Tom Taylor builds on that success, showing time and again that X-23 deserves to go by Wolverine. However, he takes a chance in the first arc of All-New Wolverine by introducing even more clones into the mix. On paper, it sounds like an idea that would make Peter Parker bang his head against the wall, building a story around clones of another clone. In All-New Wolverine #7, however, Taylor gives valid, concise, and wonderfully dramatic reasons why this story is worth building.

While the premise of All-New Wolverine as a whole might make Peter Parker cringe, even he would smile at the way All-New Wolverine #7 adds an element of dramatic weight that is rare in clone stories. Taylor doesn't just move the plot forward from the first arc, which has X-23 meet her clone sisters, only one of which ends up surviving. He establishes some uncanny parallels between X-23's current situation and the one she faced with the non-cloned Wolverine prior to his death.

These parallels are important. They're also instrumental in the core character of Laura Kinney. Through the use of a flashback that doesn't create more confusion than it resolves for once, Taylor establishes Laura's emotional vulnerabilities during a time when she is woefully under-qualified to be Wolverine. She carries herself less like a clone and more like a troubled teenage girl who doesn't want her father to leave. It's more emotional range than most clones dare to show and for those whose exposure to clones is limited to Star Wars prequels, it's incredibly refreshing.

For Laura Kinney, being X-23 means being tied to James Howlett. However, the former Wolverine treats her less like a clone and more like a daughter. He shows that he learned from Peter Parker's mistakes. He convinces X-23 that she can build her own life and be her own person. Now, she has to do the same with Gabby, her prepubescent clone sister. It's a cloning challenge that even Spider-Man can't wrap his head around.

This is where Taylor keeps the story from becoming too melodramatic. He does this by bringing Squirrel Girl into the mix, who is the Marvel equivalent of warm teddy bear coated with fairy dust. In most circumstances, she seems out of place in any Wolverine story. In All-New Wolverine #7, however, her arrival is downright therapeutic for Laura. For someone whose coping skills consist primarily of growling and stabbing things, it's pretty jarring, but in a good way.

This team-up doesn't lead to the kind of violent, bloody brawls that dominated the previous arc of this series. It doesn't even lead to a greater progression on the overall narrative that has been unfolding X-23 since All-New Wolverine began. It's just a cute little story where a troubled teenage girl helps an adorably cheerful teenage girl. It's part buddy cop and part Disney movie. It's one of those strange combinations that doesn't work on paper, but it works beautifully in All-New Wolverine #7.

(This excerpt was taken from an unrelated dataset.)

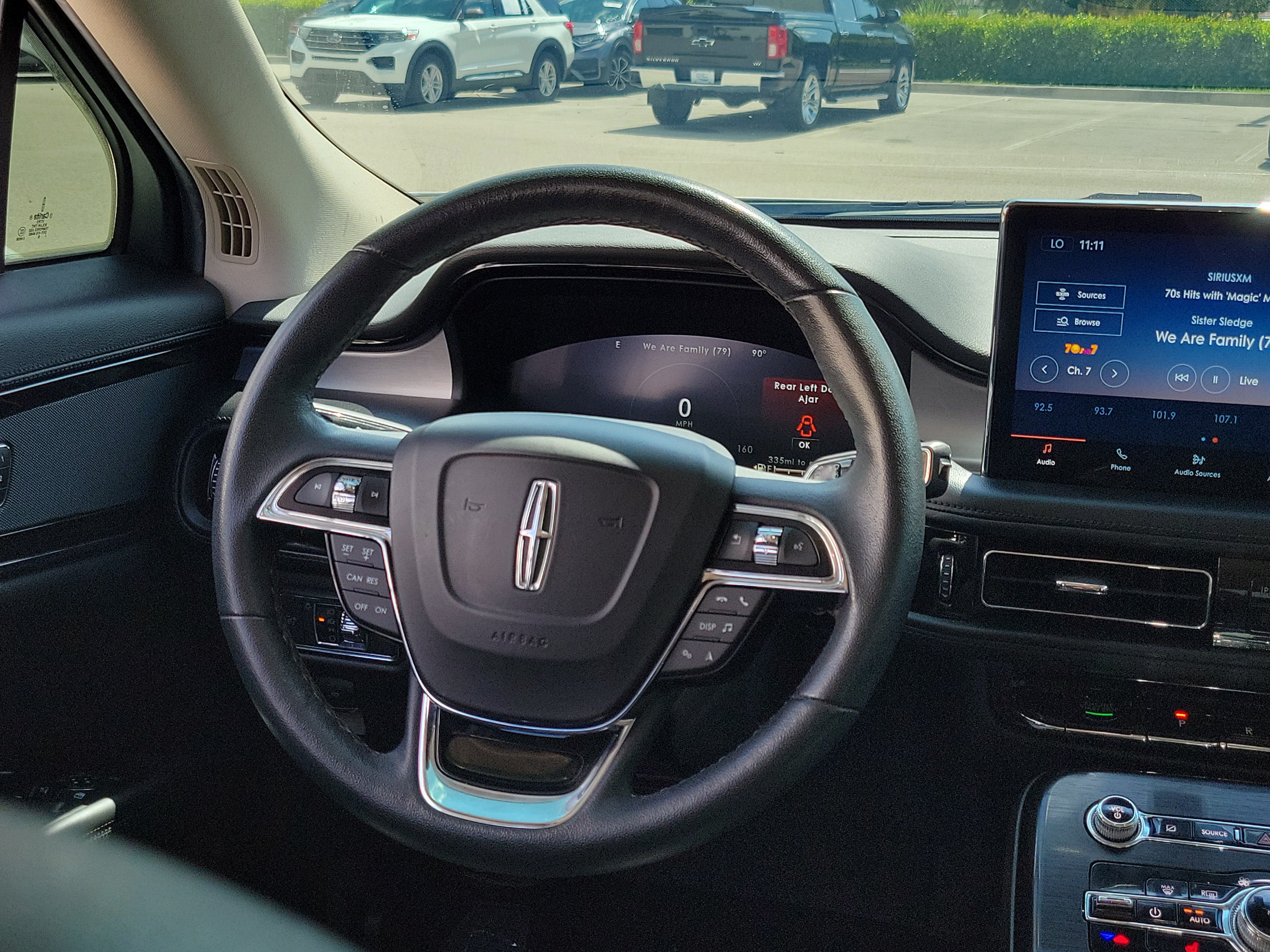 Used 2021 Lincoln Nautilus FWD image 19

Nobody gets stabbed. Nobody gets bludgeoned. In fact, it only gets marginally tense when Squirrel Girl demands to take a selfie with Laura. She does it less begrudgingly than James Howlett would've done, another clear distinction between her and her predecessor. For a clone, those distinctions are important. This sort of light-hearted aside is a genuine rarity for a Wolverine story, but it's also refreshing.

It helps emphasize that X-23 isn't just Wolverine's clone. She's a teenage girl and one who is trying to make the best of a complicated, confusing situation. She succeeds far more than Peter Parker ever did, but there's still plenty of room for improvement. The lack of visceral action is somewhat jarring on some levels, given all the stabbing and growling in the previous arc. At times, All-New Wolverine #7 is a little too light-hearted, but it succeeds in one important facet. It gives Laura greater perspective in terms of helping her new clone sister, Gabby.

In the grand scheme of Wolverine's bloody legacy and Laura Kinney's dedication to keeping those blood-stains fresh, All-New Wolverine #7 provides a kind of dramatic context that is easy to lose in all the stabbing. That context might not be critical in moving the narrative forward as a whole, but it adds layers to X-23's persona and, as the Ben Riley's of the Marvel universe can attest, a clone can never have too many of those.

Final Score: 7 out of 10

Thursday, April 28, 2016

Old Man Logan #5: Nuff Said!

They say with age comes wisdom. But does it really? Or is it just that as you get older, you stop giving a flying fuck? I guess most of us won’t find out until our hair starts turning gray and we start shitting in bags. For Old Man Logan, he doesn’t have to wait. He knows and despite looking like a walking Just For Men before picture, he carries himself with the kind of wisdom and don’t-give-a-fuck attitude that makes Wolverine awesome.

The first arc of Old Man Logan was a testament and a love letter to everything we love about Wolverine. If I were a woman, I’d return that love letter with naked pictures and a wedding ring. Now, Jeff Lemire and Andrea Sorrentino are looking to expand Old Man Logan’s role in the new Marvel universe. He’s finally accepted that he’s not in the past. He’s just in a world where mutants are fucked for a whole different reason. At least it’s a world where he hasn’t killed all his friends and Storm isn’t married anymore. Old Man Logan #5 launches the next chapter in his new life and while I may not be a woman, let’s just say naked pictures aren’t entirely off the table.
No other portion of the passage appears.